The complexity of the supply side of the economy is hidden from many proponents of a “planned” economy. Even if, in the age of the internet, the demand of end consumers can be easily determined, who determines which means of production P and Q are manufactured? What means should in turn be expended for that?

In many variants of socialism, these means of production are to be nationalized and a central planned economy introduced. To create this plan, however, one must possess the knowledge of the supply side.

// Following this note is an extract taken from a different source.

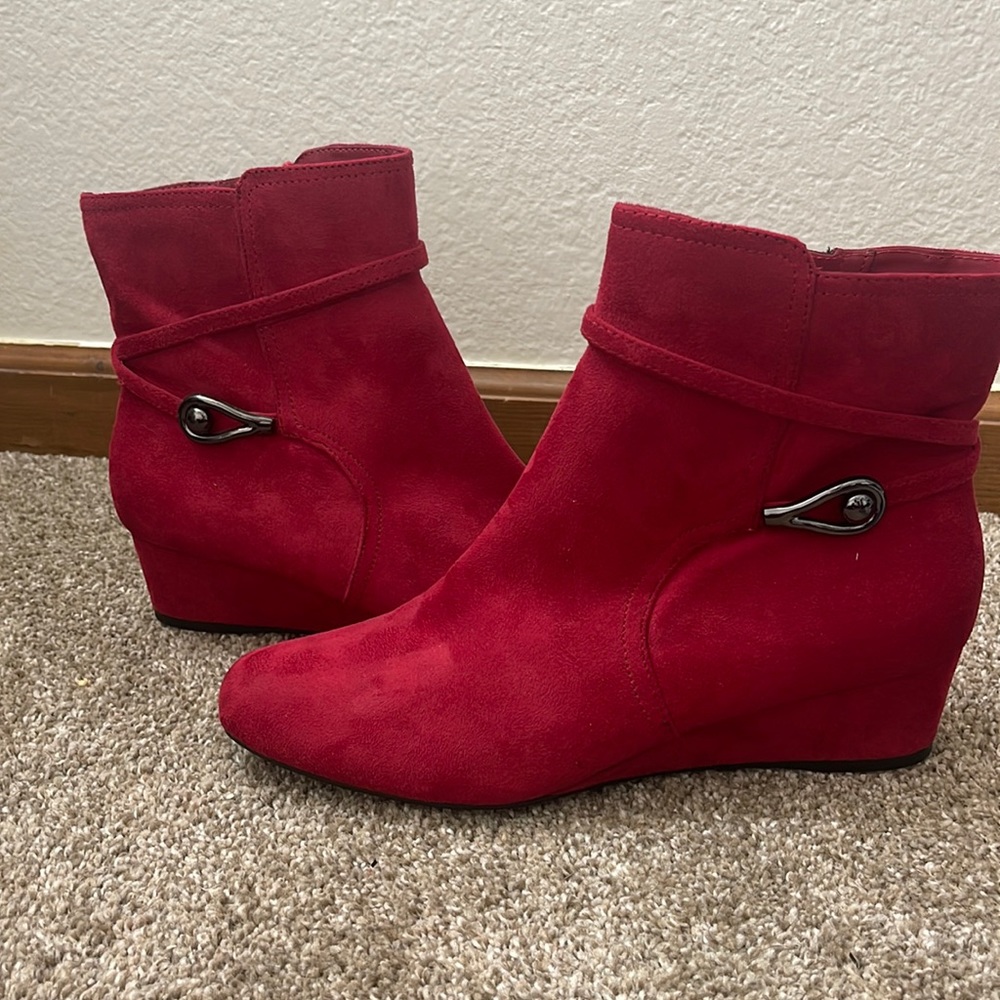 Suede red booties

The knowledge distributed across individual companies in a market economy must therefore be centralized. But the “transfer” of knowledge to a planning ministry is anything but simple. Knowledge can only be “learned” by people, not simply “transferred.” This “knowledge problem” of the central planned economy comes from the previously mentioned work of Hayek [Hay48]. Centralizing the economy would place a great deal of economic power in the hands of a few planning officials. It is the advantage of a market economy that both knowledge and power are decentralized—the more distributed, the better [Gil13].

A further question is who determines the price of the means of production if they are all owned by the state? The state would then be both buyer and seller in one person. There would then be no market for means of production and no prices. Consequently, there can be no economic calculation. When should a means of production be replaced by a new one? This cannot be answered efficiently without prices. This argument was published in 1922 by the Austrian economist Ludwig von Mises in his book “Socialism” [Mis49]. This problem, however, affects every monopoly, including large monopolistic corporations.

The Market

Supply and demand are brought together in a market. In the physical world, a market is usually a square in the city center where traders used to offer their wares. These marketplaces still exist in many cities, but most consumer goods are traded in supermarkets and department stores.

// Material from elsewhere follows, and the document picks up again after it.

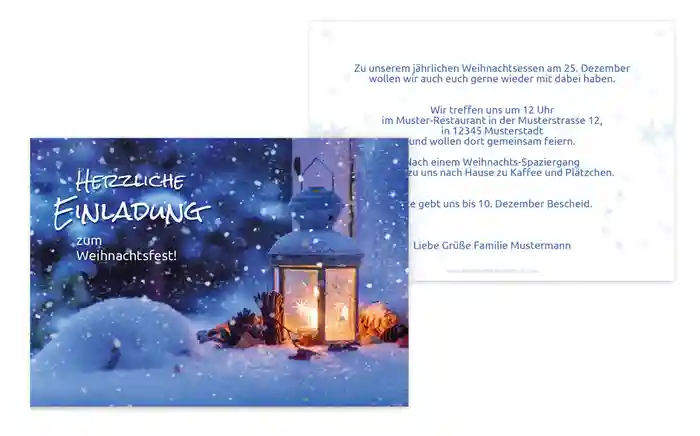 Einladung Weihnachten Privat Laterne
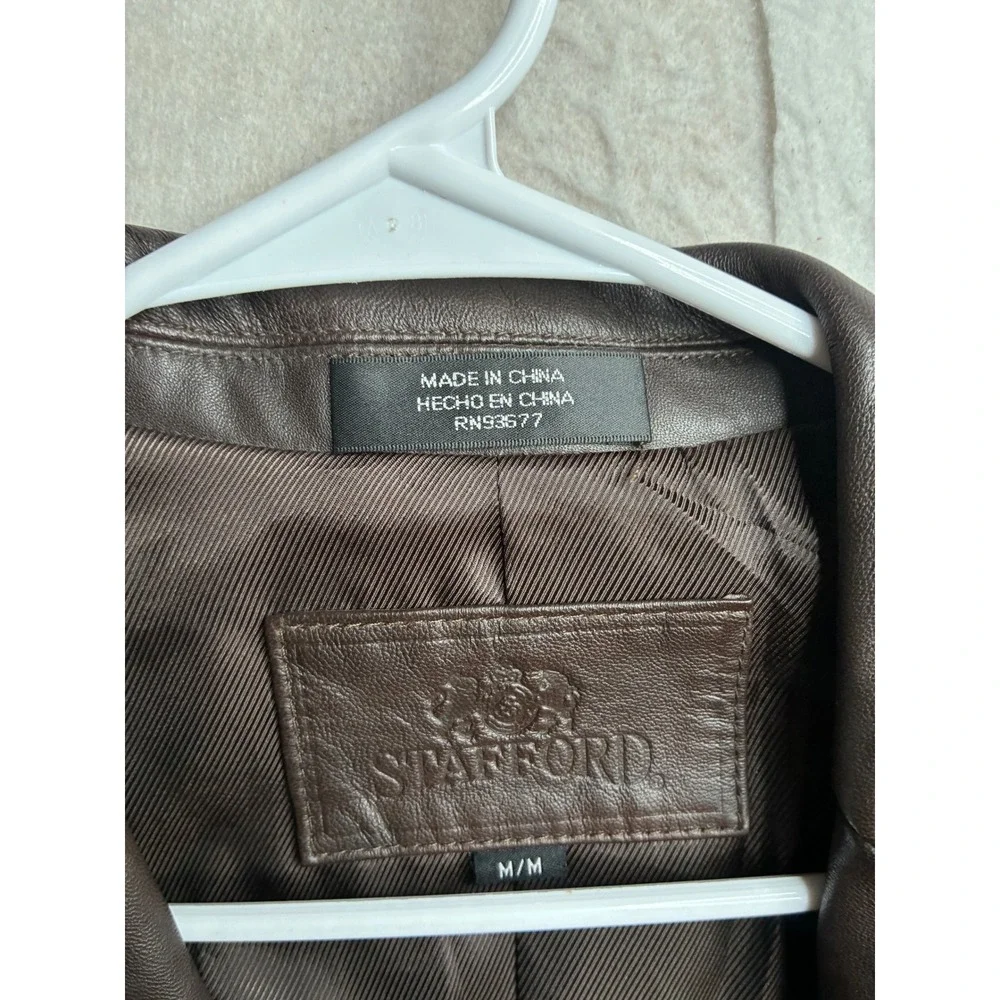 Stafford Mens Brown Genuine Leather Blazer Jacket 3 Button Nappa Medium RN93677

A market in the theoretical sense is a set of sellers, buyers, goods, and prices. There are different variants:

• A free market is not regulated—i.e., there are no restrictions by the state or others. There are not many of these left in the real world. But much open-source software is still free, such as programming languages and databases.
• In a regulated market, there are state requirements, such as:
  • Only certain sellers are admitted (e.g., through licensing, like with taxis or banks).
  • Only certain buyers are admitted (e.g., in wholesale).
  • There are price specifications, such as price ceilings or price floors.
  • There are ecological guidelines.
  • Labor law: a business of a certain size must have a works council.
• In a black market, goods prohibited by the state are sold, such as weapons and drugs. Offers where necessary taxes and duties were not paid also count as part of the black market, such as smuggled goods or illicit work.

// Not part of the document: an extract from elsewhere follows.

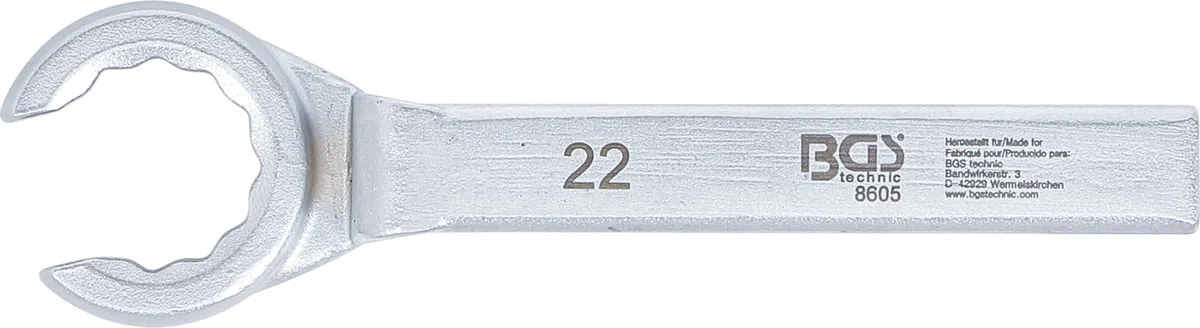 BGS 8605 | Clé à œil spéciale pour sondes Lambda, ouverte | 22 mm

If you want to write an agent-based model for a simulation, a colloquial description of a market is, of course, insufficient. In their book “Networks, Crowds, and Markets: Reasoning About a Highly Connected World,” David Easley and Jon Kleinberg introduce the mathematical and algorithmic theory of markets [EK10].

Matching market

A “matching market” is the simplest possible example of a market. Let’s assume as an example that Anton, Berta, and Charlie have founded a startup and must share a laptop, a PC, and a workstation. But not everyone wants to work on every device. Everyone has their likes—their preferences. Anton, for example, would work on the laptop and the workstation, Berta only on the laptop, and Charlie on the PC or the workstation. In the following figure, the three people and the three devices are shown schematically.

The preferences are represented as (undirected) edges between the two nodes. Such a graph is called a bipartite graph because it has two different types of nodes (people and devices) and an edge always connects both types.

A “matching” is a solution that identifies an edge to a different device for each person—i.e., finds a device for every person. Many different algorithms have been developed in computer science for this purpose [CLRS09]. In the following figure, such a “matching” is symbolized by thicker edges.

Anton takes the workstation, Berta the laptop, and Charlie the PC.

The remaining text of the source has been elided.